Avec l’épidémie de coronavirus, Diane applique les consignes de l’établissement. Elle reste mobilisée aux écuries du site de Rosières aux Salines pour s’occuper des chevaux de formations et de compétition. Le confinement l’oblige à adapter le travail de ses chevaux pour les garder en condition physique … et moral !

Thibaut Vallette sur le podium du Grand national FFE de Saumur

C’est une première étape de Grand national FFE de concours complet quelque peu humide qui s’est terminée ce dimanche. Grâce à l’efficacité de l’équipe organisatrice, les épreuves ont pu se dérouler dans des conditions optimales. Côté classement, Thibaut Vallette réalise un beau début de saison avec une 3e place dans l’épreuve Pro élite, remportée par son co-équipier Nicolas Touzaint.

 

Des équipes mobilisées face à la pluie

Thibaut Vallette (c) IFCE J. Diligent

La pluie qui s’est abattue depuis plusieurs jours a rendu difficiles les épreuves de jeudi et vendredi. Fort heureusement, l’IFCE, par la qualité de ses infrastructures, la réactivité et l’expertise de ses équipes a su réagir rapidement et efficacement pour assurer le bon déroulement des épreuves. Le dressage a ainsi été déplacé sur la carrière des Taillis et des aménagements ont été apportés pour le cross des amateurs. Le site de Verrie montre une nouvelle fois toutes ses qualités, reconnues par les professionnels de la discipline.

Michel Asseray, Directeur technique national adjoint en charge du concours complet : « L’organisation a su réagir vite pour faire face aux conditions météo. Grâce notamment aux équipes techniques, le dressage a pu se dérouler sur une piste de qualité. Verrie est un terrain exceptionnel et n’a pas souffert de la pluie pour le cross. Nous sommes très satisfaits du déroulement de toutes les épreuves ».

Cette satisfaction est partagée par Nathalie Mull, Directrice de la performance sportive de l’IFCE, qui salue la mobilisation et l’efficacité des équipes techniques et des bénévoles.

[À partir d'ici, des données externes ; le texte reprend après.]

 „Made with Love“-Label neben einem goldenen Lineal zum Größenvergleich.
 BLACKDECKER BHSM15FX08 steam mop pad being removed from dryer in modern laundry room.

Côté cavaliers, Nicolas Touzaint, qui réalise le doublé Pro élite – Pro 1, affirme avec le sourire : « Ce week-end, il n’y a qu’ici qu’on peut faire du concours ! ».

 

Bonne première étape pour les écuyers

L’heure de la reprise de la compétition a sonné pour les meilleurs cavaliers français. Cette étape du Grand national FFE de concours complet était la première revue d’effectifs en vue des Jeux Olympiques de Tokyo pour l’entraîneur national Thierry Touzaint.

Dès le dressage, le Lieutenant-colonel Thibaut Vallette offre une belle prestation sur les difficiles enchaînements de la nouvelle reprise qui sera proposée aux Jeux olympiques de Tokyo cet été . Avec Qing du Briot*IFCE, il prend la tête du classement provisoire avec 22.9 points. Bon début de compétition également pour son collègue Arnaud Boiteau, associé à Quoriano*IFCE, 7e à l’issue du dressage avec 28.3 points. Les deux écuyers sortiront respectivement avec 5.2 points (une barre et du temps dépassé) et 0.8 points (temps dépassé) après le saut d’obstacles et prennent les 2e et 3e places au classement derrière Thomas Carlile.

Le cross a quelque peu chamboulé le classement. Pénalisés de 4.4 point pour dépassement de temps, Thomas Carlile et Thibaut Vallette descendent d’une marche et terminent respectivement 2e et 3e. Au final, c’est le co-équipier de Thibaut Vallette, Nicolas Touzaint, qui s’impose avec Absolut Gold*HDC. L’écurie qu’ils forment avec Joséphine Héteau, Le Cadre noir de Saumur – Royal Horse, remporte cette première étape du circuit Grand national FFE. Arnaud Boiteau se classe quant à lui 5e.

Du côté de la Pro 1, remportée également par Nicolas Touzaint, l’écuyer Thomas Bouquet se classe 10e avec Altesse de l’Ormeau.